And he behaved incredibly badly; he was a cruel and unpleasant man. Whereas, 491 years beforehand, this chap called Leif Erikson sailed—he was born in Stavanger—came, admittedly not non-stop—he came by way of Iceland and Greenland—but he made it. He made it to North America. He made it to Newfoundland, and he built a settlement, which was only discovered in the 1960s. Extraordinary, beautiful settlement, called the Bay of the Jellyfish, in the northern part of that long peninsula on the west of Newfoundland. And while there, he had cattle, he forged iron stirrups and horseshoes and things. There seems to have been grapes growing s far north as New Brunswick back then; there's some evidence he made wine. But what he made—almost the most important thing is that he made a child. And the first European child, whose name was Snorri Thorfinnsson, was born at L'Anse aux Meadows in 1002 AD.

So Columbus' claim is bogus in my view and he should not be memorialised to the degree that he is. I mean, the fact that, you know, there's a district of Columbia; Columbus, Ohio; Columbia, Maryland—all of this they worship in. There's nothing for Leif Erikson. Columbus Day in America, it's the 12th of October, but in Minnesota and Wisconsin, a few hardy Norse souls still raise a glass to Leif Erikson and I'm with them all the way.

[Laughter]

Ramona Koval: So we've got now the picture of the whole, kind of. We're beginning to fill it in. And it's the discovery of the Gulf Stream, isn't it, that starts people thinking of... Well obviously there have to be settlements, and there has to be something to trade, but the Gulf Stream was very important, wasn't it.

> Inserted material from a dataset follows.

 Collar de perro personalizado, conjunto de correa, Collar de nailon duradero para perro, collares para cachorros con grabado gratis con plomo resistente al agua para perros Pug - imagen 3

Simon Winchester: Yes. And the people that were involved in the mapping, I mean it was Ponce de León that first noticed it off the coast, he was sailing off the coast of Florida and he was aware of this sort of 40 mile-wide band of water that was a different colour, a different temperature, and swept his boat inexorably northwards. But it was Benjamin Franklin, oddly enough, who was one of the first people to draw a—fairly accurate—map of the Gulf Stream. I mean, Benjamin Franklin at the time was America's, independent America's, first postmaster general and he was the colonial postmaster general too, and he was very interested in the relative time it took for letters to travel back and forth between Falmouth Port in south-western England and New York or Halifax or Boston, and noticed that people going on what was called the uphill route, which was to go against the wind, westbound, were not merely delayed by the wind, but delayed by this current, which blew them hugely off-course but which conversely aided eastbound mariners tremendously. And so there became—you know, techniques were developed of riding the current, as it were. Instead of heading due west out of New York, you head north and get swept round the gyre and end up in Scotland.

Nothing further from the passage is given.